When they first hear of their diagnosis, people with HIV are frightened by the prospect of sickness and death. Most are confused and don’t know what to expect or how to make plans: Will I be alive in ten years? Will I be alive for my next birthday? Can I eat in a restaurant? Will my partner leave me? Should I stay in my job? Will I live to see a cure? Will I run out of money? How should I behave? What should I feel? How am I different? People close to the person who is newly diagnosed may also be confused: “I didn’t understand what it meant,” said Lisa. “I thought he’d die in six months”.

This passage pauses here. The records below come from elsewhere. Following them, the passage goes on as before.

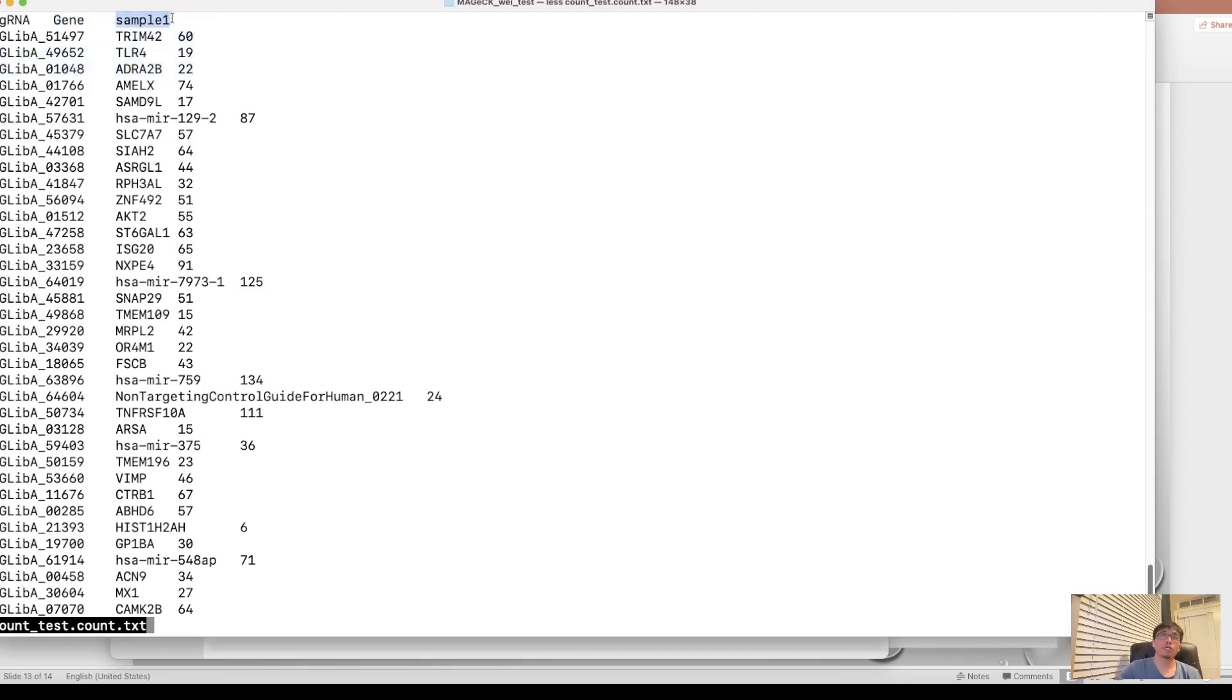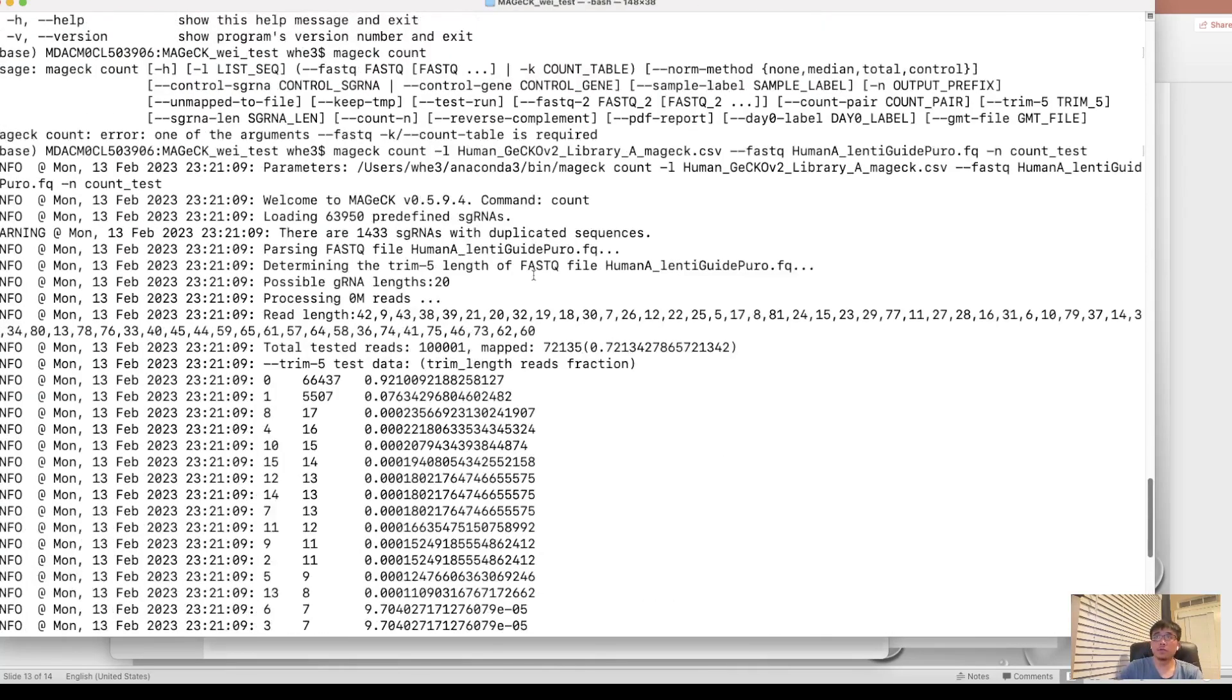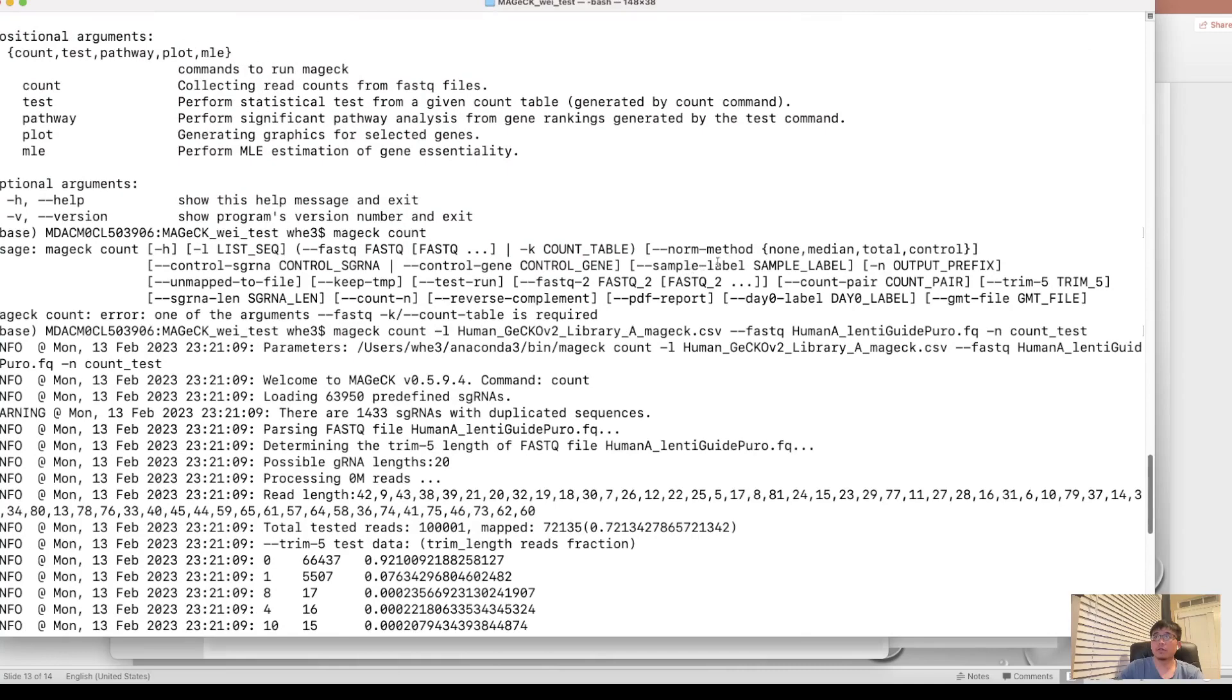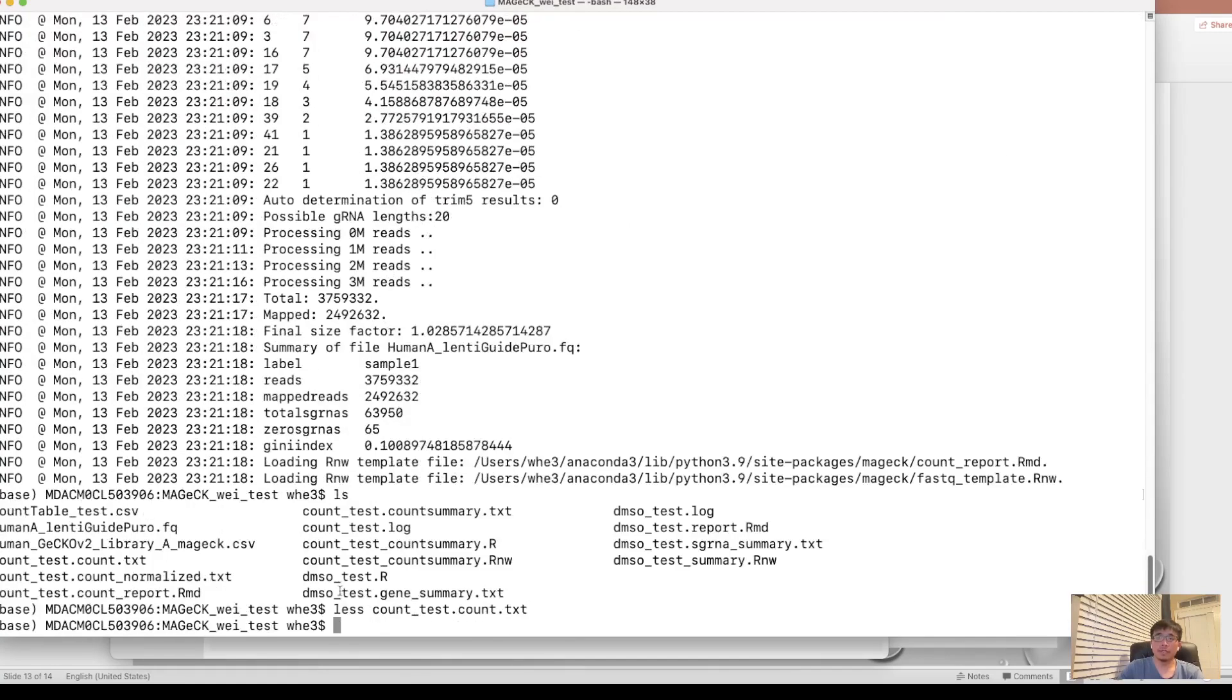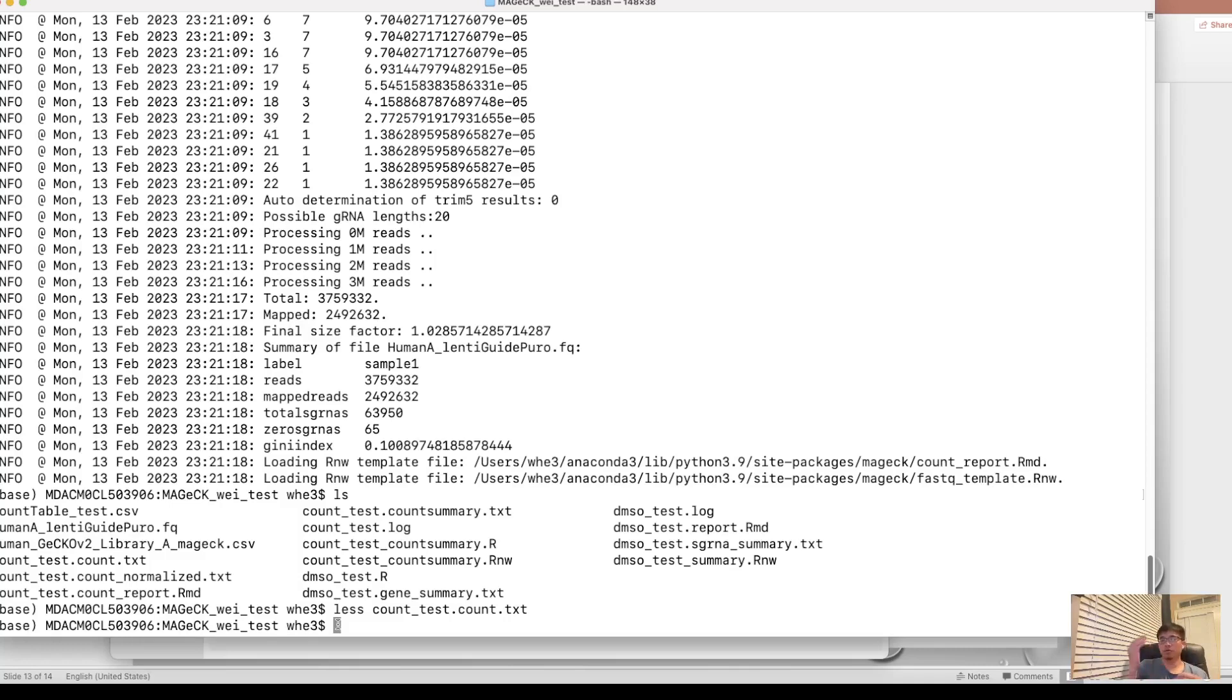And the simple one is the default name of this column. And you can also set by yourself using the parameter sample label. And then with this read count table, we can do the test whether under certain condition, the read count under certain condition, has a positive selection or negative selection compared to the D0 or the plasmid as a control.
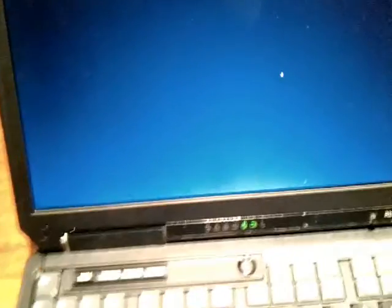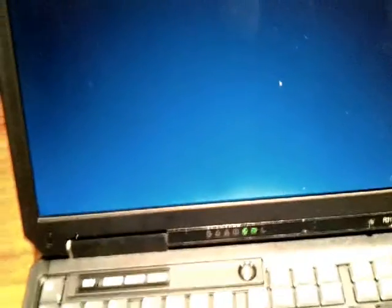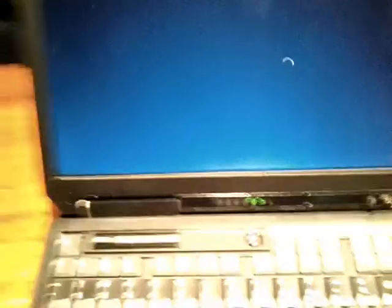I don't know why they invented such a stupid system. I don't know. So now I can do nothing with this notebook, only to throw it away, because buying a hard drive and buying a motherboard is the same as buying a new notebook.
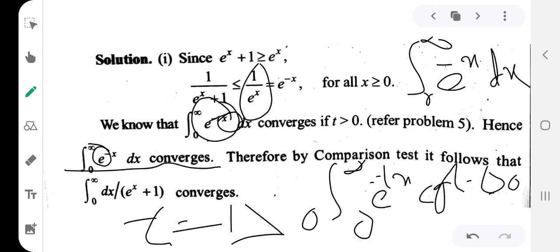Therefore, by the comparison test, the integration from 0 to infinity of dx divided by (e^x + 1) converges. We compared it to the exponential function e^x, so by the comparison test the original integral converges.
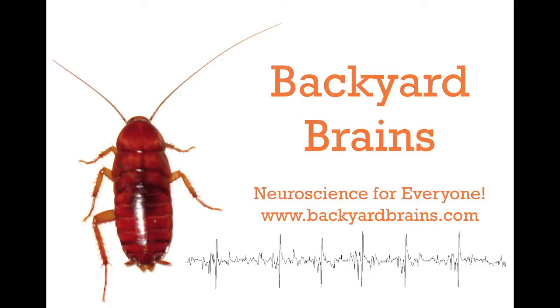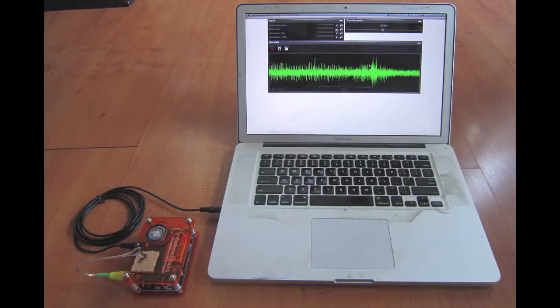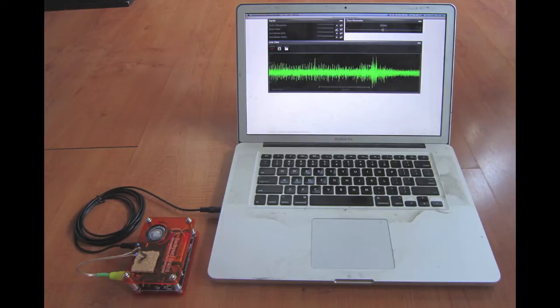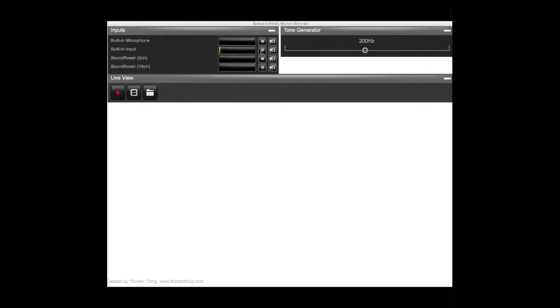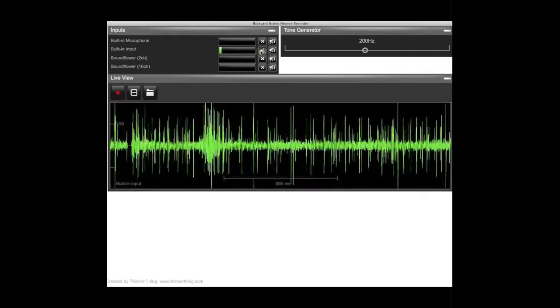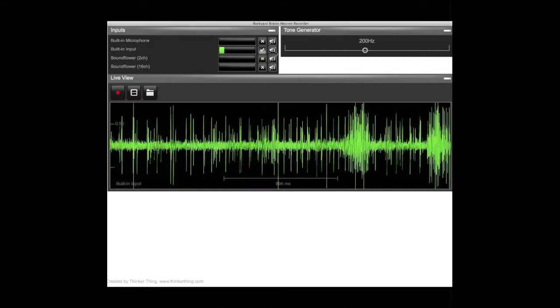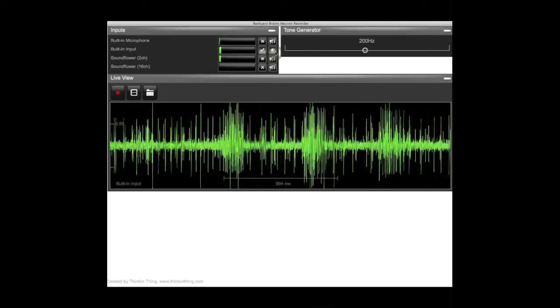Backyard Brains introduces its new PC Neural Recording software. Set up your SpykerBox as you normally would for your computer and select the input. Here we have the built-in input going into the YNN.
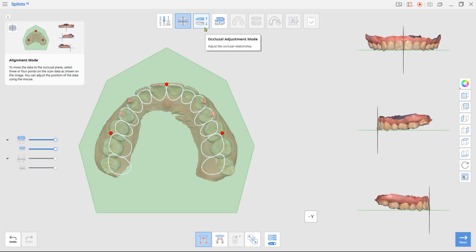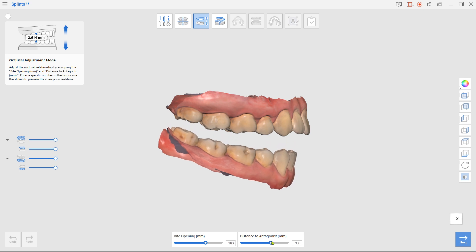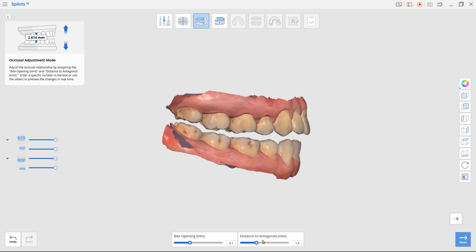And next, in the occlusal adjustment mode, you are going to give vertical thickness for your splint by opening the bite. Use the slider at the bottom or you can simply type in numbers.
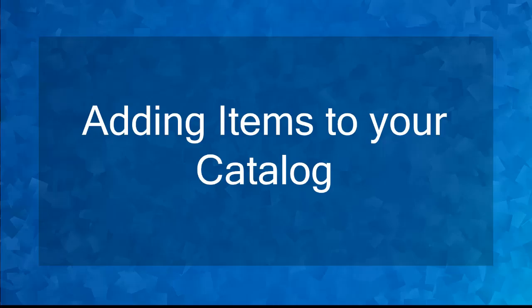Hello guys! In this lesson, we're going to talk about adding items to your catalog. Let's get started!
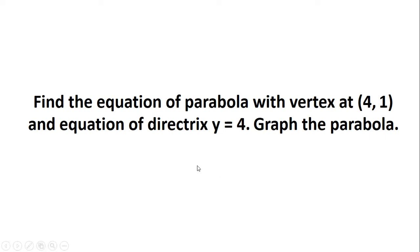Find the equation of a parabola with vertex at (4, 1) and equation of directrix y = 4, then graph the parabola.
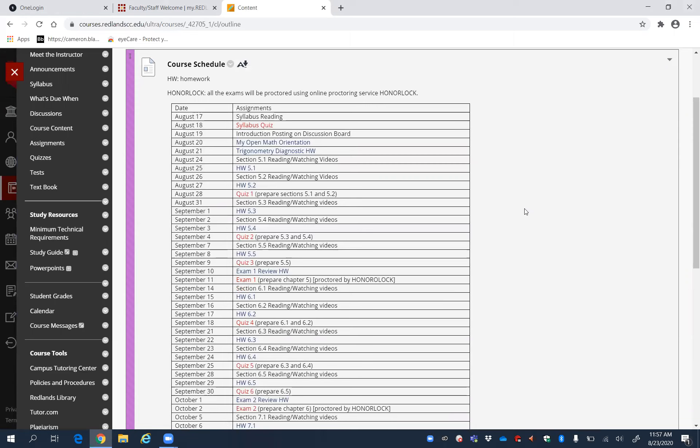If you have not done the cellular squeeze, my open math orientation, or trigonometry diagnostic homework, then I strongly recommend you go back and do these things. First things first.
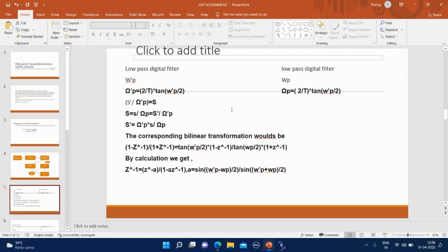S prime is the frequency variable. If we divide S prime by capital Omega P prime, then we get the normalized analog low-pass filter, because now the passband will be 1 radian per second. If we divide S prime by capital Omega P prime, we get the normalized analog denoted as S. S is normalized low-pass frequency variable. That transformation would be from capital S to small S.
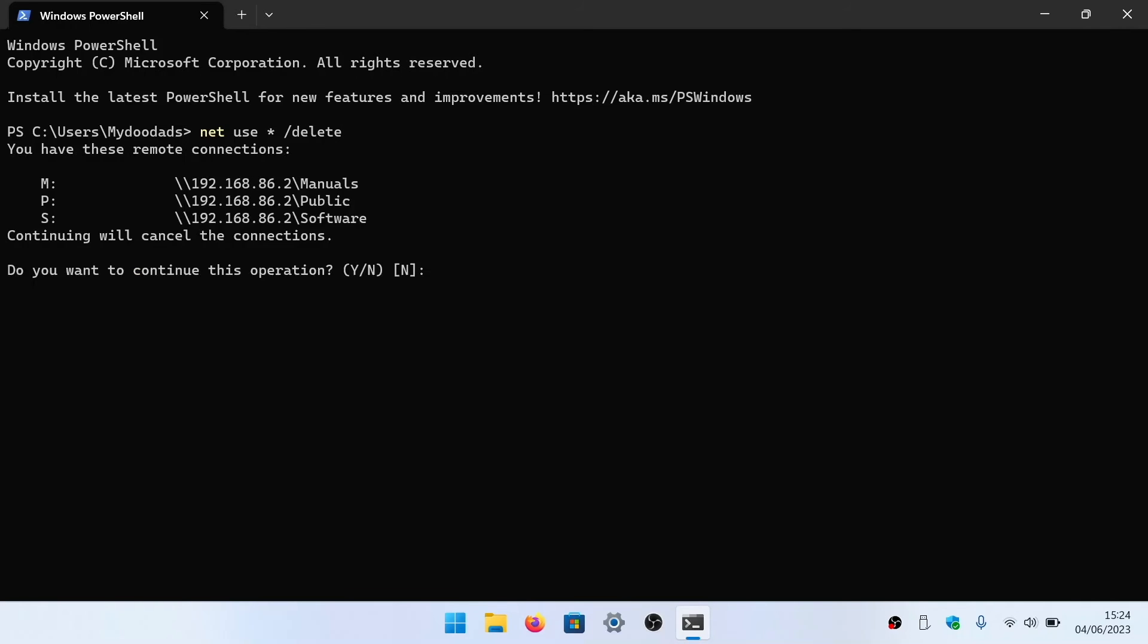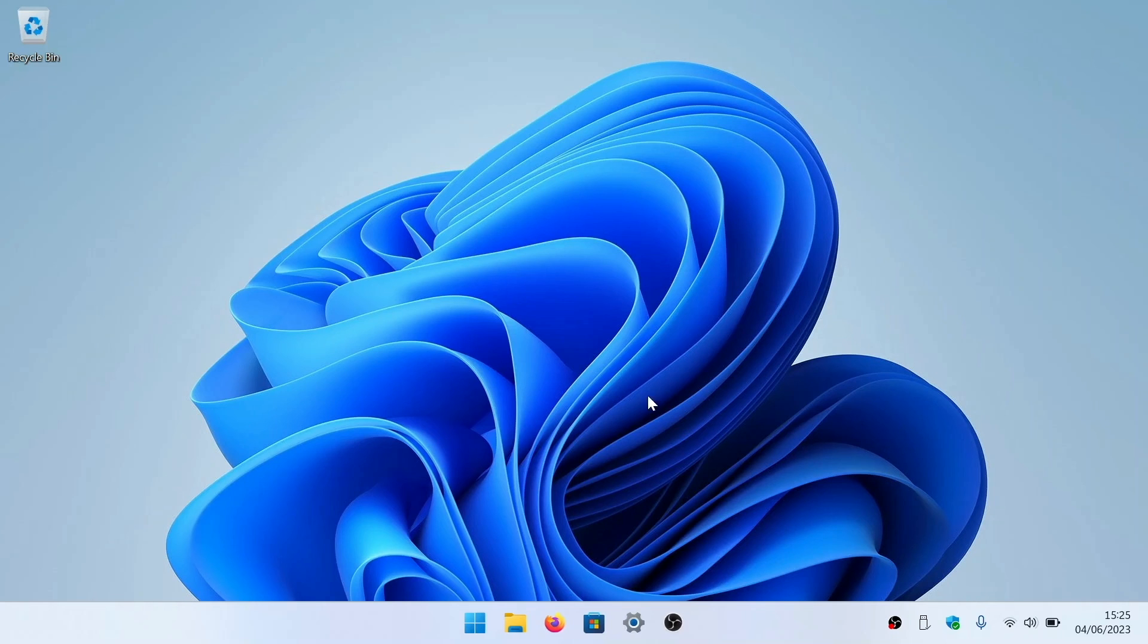When we press enter on our keyboard, we are shown a list of all of the network shares currently mapped to our computer. If we type Y and after pressing enter wait for confirmation that the command has been completed successfully, when we return to File Explorer all mapped network shares will have been closed.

Though these feelings are terrible, and though they will recur, their acuteness is shortlived. They last from a few weeks to a few months?typically around six weeks. People deal with these feelings the way they have dealt with all other crises in their lives. They use the same skills, the same strategies they always have. “My husband cried when he told me about it,” said Lisa. “I told my husband, ‘Don’t be sorry. I love you. We’ll handle this the way we handle everything else.”